While the markets anticipated last week that some sort of rescue could occur, investors appeared emboldened by the U.S. government's decision late Sunday to invest $20 billion in Citigroup and guarantee $306 billion in risky assets. The move by the Treasury Department, the Federal Reserve and the Federal Deposit Insurance Corp. is only the latest effort this year to support a banking system troubled by bad debt and flagging confidence.

Besides implementing its $700 billion bailout plan for the overall financial industry, the government has bailed out insurance giant American International Group Inc. and taken over lenders Fannie Mae and Freddie Mac.

The market is also a little more optimistic because President-elect Obama is set to introduce his economic team on Monday and has called for another economic stimulus. His plan targets saving or creating 2.5 million jobs during the next two years. Any plan is expected to exceed the $175 billion Obama proposed during the campaign.

The moves by the government to again step in and help a troubled bank as well as perhaps the broader economy helped buoy investor sentiment. Still, investors remain cautious because the nation faces a difficult economy and the stock market likely will continue to see volatility.

In midmorning trading, the Dow Jones industrial average rose 317.00, or 3.94 percent, to 8,363.42.

Broader stock indicators also jumped. The Standard & Poor's 500 index advanced 35.29, or 4.41 percent, to 835.32, and the Nasdaq composite index rose 60.83, or 4.39 percent, to 1,445.18.

The rise in stocks follows a rally Friday that saw the Dow industrials jump 494 points, or 6.5 percent. The other major indexes also rose sharply. Still, stocks ended the week with a loss after heavy selling Wednesday and Thursday.

Bond prices were mixed Monday as investors examined the government's bailout plan for Citigroup. The yield on the benchmark 10-year Treasury note, which moves opposite its price, rose to 3.29 percent from 3.20 percent late Friday.

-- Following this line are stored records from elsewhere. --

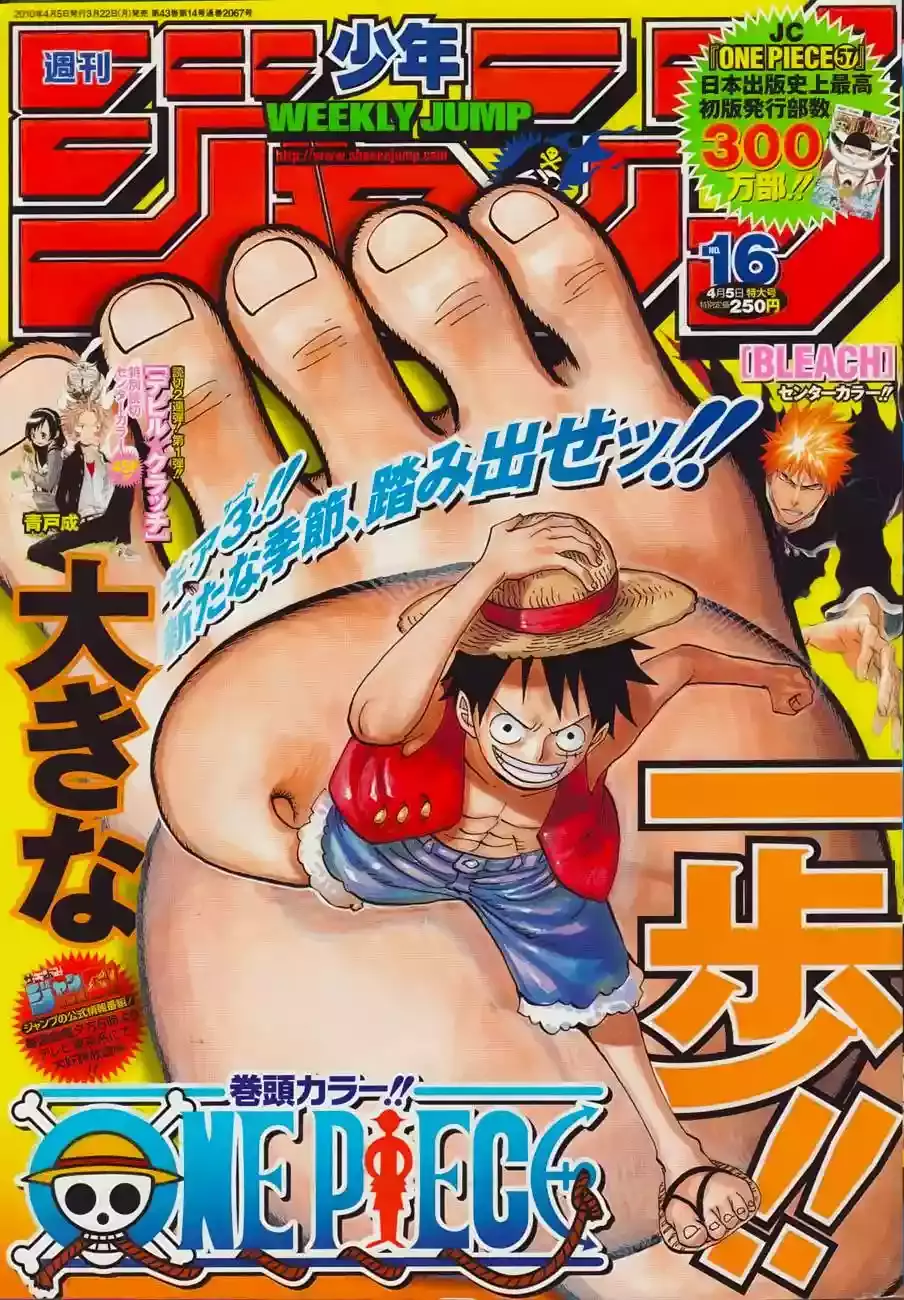 One Piece Capítulo 578 - Página 17 en español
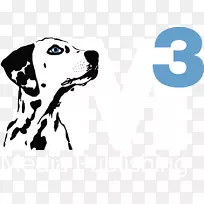 达尔马提亚犬小狗犬繁殖非运动团体标志-专业律师团队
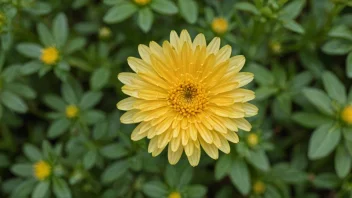 En vakker gul astersblomst med hjerteformede kronblad, omgitt av frodige grønne blader.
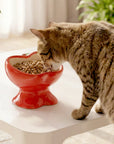 9oz Apple Bliss Elevated Cat Bowl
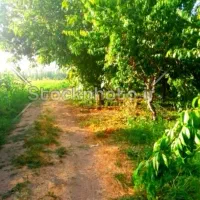 باغ ۶۰۸متری در منجیل آباد خیابان سعدی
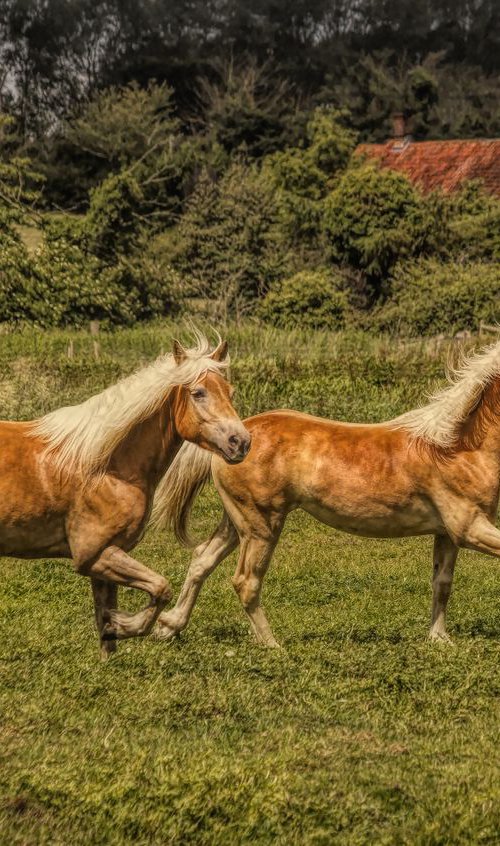 Running Horses by Martin  Fry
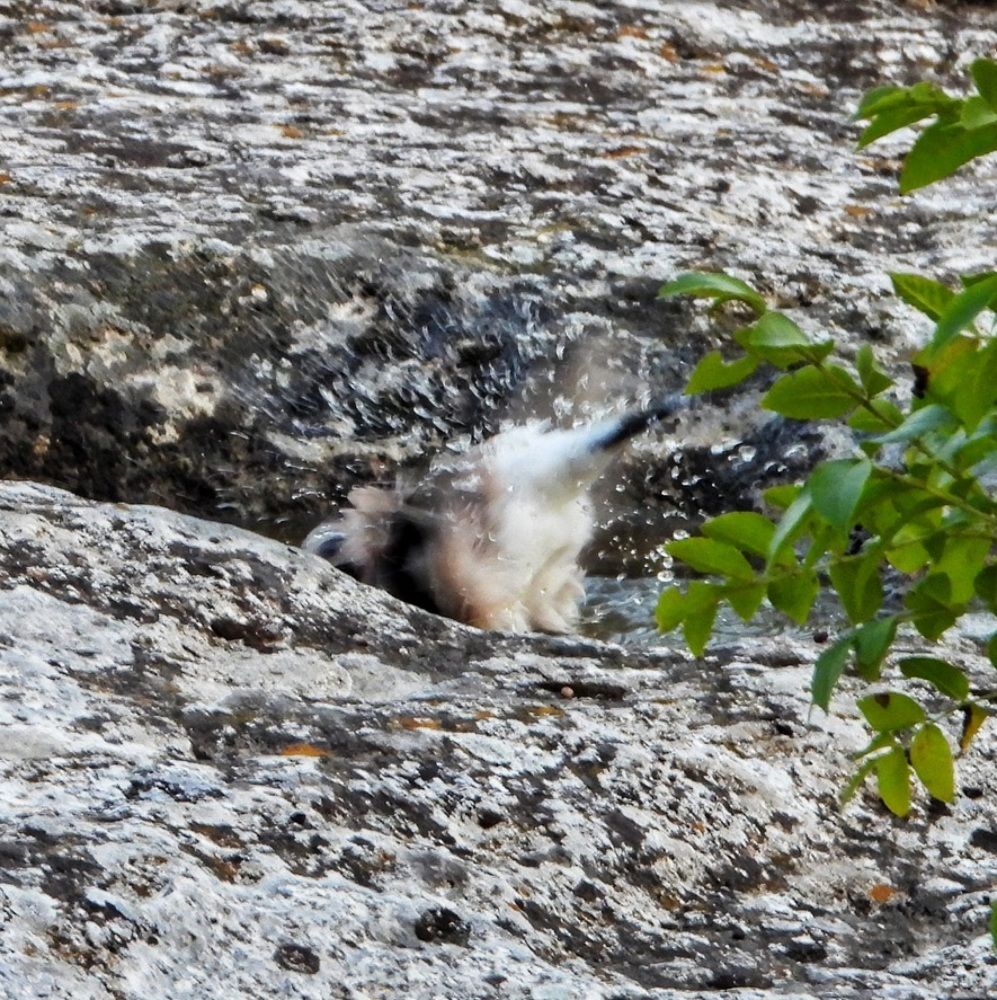 Купание соечки в Эски-Кермене.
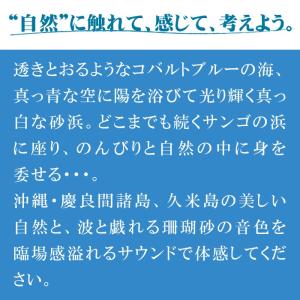 【公式】クーポン配布中 / 波〜慶良間・久米島...の詳細画像1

The Treasury bill market showed continuing high demand, a sign of investors' caution. The yield on the three-month T-bill, considered one of the safest investments, fell to 0.02 percent from 0.04 percent late Friday.

The dollar was mostly lower against other major currencies, while gold prices rose.

Wall Street shrugged off a larger-than-expected drop in sales of existing homes last month as investors instead focus on the government's rescue for Citigroup. And while the housing numbers fell short of expectations, Wall Street expected sales would fall sharply after last month's upheaval in the financial markets.

The National Association of Realtors says sales of existing homes fell 3.1 percent to a seasonally adjusted annual rate of 4.98 million in October. That's down from 5.14 million in September.

Citi shares surged $2.61, or 69 percent, to $6.38 on word of the government's injection of capital into the company.

Health care company Johnson & Johnson said Monday it would acquire Omrix Biopharmaceuticals Inc. for $438 million. The move is aimed at expanding J&J's surgical product unit; J&J will pay $25 per share for the company, an 18 percent premium over Omrix's close Friday of $21.16.

J&J rose 62 cents to $58.97, while Omrix rose $3.41, or 16 percent, to $24.57.

Overseas, in afternoon trading, Britain's FTSE 100 jumped 5.32 percent, Germany's DAX index rose 7.49 percent, and France's CAC-40 rose 7.34 percent. Hong Kong's Hang Seng index fell 1.59 percent; markets in Japan were closed for a holiday.